Friday, September 5, 2014

Hi there.....

Guess what?? 

Go ahead and take a guess....I'll wait...


I'm retired!  Yep..I did it !  And I am a happy camper for sure..and speaking about campers..

Guess what??

Come on..guess again...

Gracie's finished!

Well, almost.  But enough to take her out to the woods with Braxton & Lulu !

See?












 
Hope you enjoyed the "tour"...

"Say goodnight Gracie..."
-me {and George Burns !}


Thursday, March 20, 2014

They say "timing is everything..."

OK. so you all probably know I work as a "Paternity DNA Consultant" which sounds all smart & professional, right?  Well..truth be known, it's a call center with 18 other "Paternity DNA Consultants" with varying ages, genders and customer service experience. All informing, in true "Maury" style..."you are NOT the father".

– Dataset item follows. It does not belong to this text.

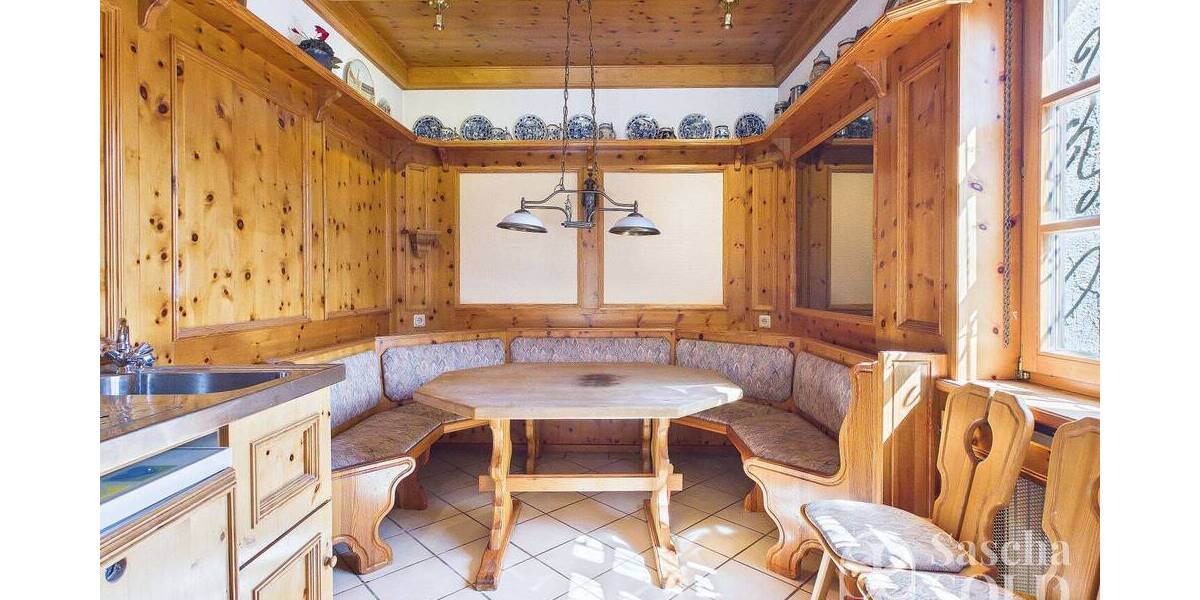 Großzügiges Anwesen in ruhiger Waldrandlage - Pool, Sauna, Wintergarten, Balkon u. Doppelgarage - Einfamilienhaus Spiesen-Elversberg Elversberg | Angebot:26178654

Getting paid for telling women what they already know..

But one thing we all have in common is the need to...um...pee.  And being in a call center, "stats" are very important. So important they can cause you loose your job or be promoted..if one would want to be promoted to "Chief Caller-Person"..

anyway..I digress..

We are allowed 5 minutes of "personal" time per day to do ..well..anything one can do in 5 minutes..like, let's say..pee.

Now, that 5 minutes is on top of the 30 minute unpaid lunch and the 2 - 15-minute paid breaks.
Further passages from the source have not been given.